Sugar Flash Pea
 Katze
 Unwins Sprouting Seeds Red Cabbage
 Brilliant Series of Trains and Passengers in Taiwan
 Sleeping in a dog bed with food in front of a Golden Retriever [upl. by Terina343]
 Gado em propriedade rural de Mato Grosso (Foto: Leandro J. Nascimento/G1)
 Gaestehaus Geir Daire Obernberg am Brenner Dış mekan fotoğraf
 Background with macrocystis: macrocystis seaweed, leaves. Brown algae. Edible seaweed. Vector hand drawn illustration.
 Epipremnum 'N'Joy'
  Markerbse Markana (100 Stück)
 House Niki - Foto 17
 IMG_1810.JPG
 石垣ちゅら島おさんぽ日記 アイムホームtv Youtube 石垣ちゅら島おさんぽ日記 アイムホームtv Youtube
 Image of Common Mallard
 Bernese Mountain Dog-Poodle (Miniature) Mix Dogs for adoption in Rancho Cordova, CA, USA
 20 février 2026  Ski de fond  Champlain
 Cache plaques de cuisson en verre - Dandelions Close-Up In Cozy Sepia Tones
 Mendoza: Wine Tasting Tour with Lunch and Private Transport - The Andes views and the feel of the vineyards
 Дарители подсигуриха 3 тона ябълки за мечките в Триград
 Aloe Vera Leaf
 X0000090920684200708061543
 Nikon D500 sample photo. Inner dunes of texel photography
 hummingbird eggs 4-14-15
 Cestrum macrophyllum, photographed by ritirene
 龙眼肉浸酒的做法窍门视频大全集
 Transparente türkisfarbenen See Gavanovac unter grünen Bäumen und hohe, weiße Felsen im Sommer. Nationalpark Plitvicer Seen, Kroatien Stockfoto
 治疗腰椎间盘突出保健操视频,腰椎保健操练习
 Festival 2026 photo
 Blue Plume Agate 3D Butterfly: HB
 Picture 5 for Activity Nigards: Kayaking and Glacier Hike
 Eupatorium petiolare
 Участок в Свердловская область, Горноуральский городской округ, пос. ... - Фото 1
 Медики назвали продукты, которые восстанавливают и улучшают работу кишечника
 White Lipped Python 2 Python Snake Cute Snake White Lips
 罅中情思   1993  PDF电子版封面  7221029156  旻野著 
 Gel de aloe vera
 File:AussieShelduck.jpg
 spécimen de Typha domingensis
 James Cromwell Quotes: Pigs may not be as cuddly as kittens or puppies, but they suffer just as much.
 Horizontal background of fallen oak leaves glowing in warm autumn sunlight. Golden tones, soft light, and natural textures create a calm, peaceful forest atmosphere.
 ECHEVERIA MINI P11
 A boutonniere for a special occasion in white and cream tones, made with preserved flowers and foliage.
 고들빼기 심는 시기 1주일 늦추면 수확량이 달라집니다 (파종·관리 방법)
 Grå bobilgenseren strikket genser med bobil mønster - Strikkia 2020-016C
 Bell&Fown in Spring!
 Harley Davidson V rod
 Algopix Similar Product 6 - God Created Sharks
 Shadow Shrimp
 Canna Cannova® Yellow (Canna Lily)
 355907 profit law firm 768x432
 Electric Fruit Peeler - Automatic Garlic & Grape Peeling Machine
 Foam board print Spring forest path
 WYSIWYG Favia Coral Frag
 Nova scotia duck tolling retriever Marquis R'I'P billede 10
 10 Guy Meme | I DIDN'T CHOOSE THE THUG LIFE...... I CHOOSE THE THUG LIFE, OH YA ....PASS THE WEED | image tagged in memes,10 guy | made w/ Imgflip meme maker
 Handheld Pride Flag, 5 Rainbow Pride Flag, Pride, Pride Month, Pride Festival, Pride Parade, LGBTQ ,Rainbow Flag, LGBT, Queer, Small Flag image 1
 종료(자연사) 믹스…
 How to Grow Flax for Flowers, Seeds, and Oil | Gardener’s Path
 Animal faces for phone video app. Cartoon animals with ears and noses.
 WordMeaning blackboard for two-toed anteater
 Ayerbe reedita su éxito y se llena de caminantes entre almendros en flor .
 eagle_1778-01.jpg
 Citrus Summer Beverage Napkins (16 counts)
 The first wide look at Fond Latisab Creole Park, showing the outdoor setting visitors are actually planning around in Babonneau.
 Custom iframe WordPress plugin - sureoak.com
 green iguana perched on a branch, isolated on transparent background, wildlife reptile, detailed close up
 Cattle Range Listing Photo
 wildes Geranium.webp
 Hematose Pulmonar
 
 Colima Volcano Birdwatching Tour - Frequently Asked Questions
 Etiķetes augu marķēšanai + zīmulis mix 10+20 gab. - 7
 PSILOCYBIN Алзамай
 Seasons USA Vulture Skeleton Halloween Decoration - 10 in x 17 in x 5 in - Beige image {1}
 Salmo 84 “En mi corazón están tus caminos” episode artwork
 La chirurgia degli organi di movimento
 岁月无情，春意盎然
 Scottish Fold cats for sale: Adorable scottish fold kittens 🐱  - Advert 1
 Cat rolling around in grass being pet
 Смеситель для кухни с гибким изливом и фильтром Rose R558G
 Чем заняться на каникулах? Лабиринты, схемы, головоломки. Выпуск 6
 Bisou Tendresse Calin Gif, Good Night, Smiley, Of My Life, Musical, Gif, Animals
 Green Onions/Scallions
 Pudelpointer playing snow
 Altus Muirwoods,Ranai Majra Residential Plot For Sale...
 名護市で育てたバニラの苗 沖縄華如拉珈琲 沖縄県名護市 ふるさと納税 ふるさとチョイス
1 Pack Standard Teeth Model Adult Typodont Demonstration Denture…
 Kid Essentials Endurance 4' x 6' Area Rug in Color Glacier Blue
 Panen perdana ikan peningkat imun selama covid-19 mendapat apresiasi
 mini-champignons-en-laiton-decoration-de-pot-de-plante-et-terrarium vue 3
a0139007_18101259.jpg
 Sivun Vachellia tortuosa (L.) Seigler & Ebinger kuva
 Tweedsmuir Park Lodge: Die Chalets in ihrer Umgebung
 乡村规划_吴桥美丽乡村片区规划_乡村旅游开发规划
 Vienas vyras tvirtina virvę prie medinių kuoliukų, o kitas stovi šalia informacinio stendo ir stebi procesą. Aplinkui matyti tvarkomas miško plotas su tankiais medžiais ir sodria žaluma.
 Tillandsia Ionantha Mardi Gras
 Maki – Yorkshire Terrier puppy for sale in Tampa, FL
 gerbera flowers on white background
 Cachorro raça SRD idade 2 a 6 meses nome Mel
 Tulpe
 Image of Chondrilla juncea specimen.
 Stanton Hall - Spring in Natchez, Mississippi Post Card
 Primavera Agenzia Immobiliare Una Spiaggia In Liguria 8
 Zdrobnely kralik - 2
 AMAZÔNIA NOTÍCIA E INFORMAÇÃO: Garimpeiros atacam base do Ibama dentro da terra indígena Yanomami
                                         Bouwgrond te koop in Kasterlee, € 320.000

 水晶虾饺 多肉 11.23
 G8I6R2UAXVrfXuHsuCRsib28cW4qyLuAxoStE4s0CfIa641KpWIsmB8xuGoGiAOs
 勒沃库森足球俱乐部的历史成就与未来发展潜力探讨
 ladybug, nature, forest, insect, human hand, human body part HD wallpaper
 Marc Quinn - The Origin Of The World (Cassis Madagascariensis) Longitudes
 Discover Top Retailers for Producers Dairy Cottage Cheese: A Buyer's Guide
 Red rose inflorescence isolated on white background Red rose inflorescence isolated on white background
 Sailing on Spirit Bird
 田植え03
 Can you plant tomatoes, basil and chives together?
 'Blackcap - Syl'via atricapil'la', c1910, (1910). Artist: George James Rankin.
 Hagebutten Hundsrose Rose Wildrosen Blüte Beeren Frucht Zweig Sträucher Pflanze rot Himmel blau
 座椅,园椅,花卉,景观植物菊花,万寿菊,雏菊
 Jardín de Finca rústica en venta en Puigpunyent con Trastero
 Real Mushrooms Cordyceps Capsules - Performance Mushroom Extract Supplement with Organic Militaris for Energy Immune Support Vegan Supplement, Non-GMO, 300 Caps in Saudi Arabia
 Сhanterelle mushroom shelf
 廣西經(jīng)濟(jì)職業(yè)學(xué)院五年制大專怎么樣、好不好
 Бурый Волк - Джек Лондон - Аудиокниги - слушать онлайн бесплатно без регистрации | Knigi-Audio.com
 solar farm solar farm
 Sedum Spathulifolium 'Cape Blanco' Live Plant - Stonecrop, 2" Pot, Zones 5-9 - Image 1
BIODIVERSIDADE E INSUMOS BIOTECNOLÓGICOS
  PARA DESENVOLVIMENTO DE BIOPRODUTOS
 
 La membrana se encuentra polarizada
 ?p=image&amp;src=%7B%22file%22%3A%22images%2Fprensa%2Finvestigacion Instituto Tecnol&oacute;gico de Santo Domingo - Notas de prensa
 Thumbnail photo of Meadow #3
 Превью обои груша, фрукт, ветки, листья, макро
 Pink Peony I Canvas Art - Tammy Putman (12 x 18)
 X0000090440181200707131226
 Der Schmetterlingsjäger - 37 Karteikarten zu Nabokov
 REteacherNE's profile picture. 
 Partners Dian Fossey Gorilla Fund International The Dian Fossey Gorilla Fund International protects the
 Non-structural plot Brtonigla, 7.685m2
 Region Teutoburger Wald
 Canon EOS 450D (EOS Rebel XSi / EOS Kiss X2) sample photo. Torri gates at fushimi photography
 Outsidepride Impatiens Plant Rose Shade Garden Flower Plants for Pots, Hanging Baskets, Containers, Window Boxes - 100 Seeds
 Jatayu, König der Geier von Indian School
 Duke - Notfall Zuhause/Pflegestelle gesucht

· · · · · · ·

# [Task details]
Write out, unaltered, the lines from the opening of the listing through the line that includes "Background with macrocystis: macrocystis".

# [Answer space]
Sugar Flash Pea
 Katze
 Unwins Sprouting Seeds Red Cabbage
 Brilliant Series of Trains and Passengers in Taiwan
 Sleeping in a dog bed with food in front of a Golden Retriever [upl. by Terina343]
 Gado em propriedade rural de Mato Grosso (Foto: Leandro J. Nascimento/G1)
 Gaestehaus Geir Daire Obernberg am Brenner Dış mekan fotoğraf
 Background with macrocystis: macrocystis seaweed, leaves. Brown algae. Edible seaweed. Vector hand drawn illustration.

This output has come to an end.